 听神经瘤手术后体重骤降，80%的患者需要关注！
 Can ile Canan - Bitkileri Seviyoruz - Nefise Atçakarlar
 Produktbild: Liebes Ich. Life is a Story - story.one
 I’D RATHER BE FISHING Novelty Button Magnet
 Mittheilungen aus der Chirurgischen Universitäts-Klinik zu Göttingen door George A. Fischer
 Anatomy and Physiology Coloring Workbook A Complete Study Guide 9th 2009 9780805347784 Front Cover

--*--

# Work task
Transcribe the entire listing above precisely.

# Response to this exercise
 听神经瘤手术后体重骤降，80%的患者需要关注！
 Can ile Canan - Bitkileri Seviyoruz - Nefise Atçakarlar
 Produktbild: Liebes Ich. Life is a Story - story.one
 I’D RATHER BE FISHING Novelty Button Magnet
 Mittheilungen aus der Chirurgischen Universitäts-Klinik zu Göttingen door George A. Fischer
 Anatomy and Physiology Coloring Workbook A Complete Study Guide 9th 2009 9780805347784 Front Cover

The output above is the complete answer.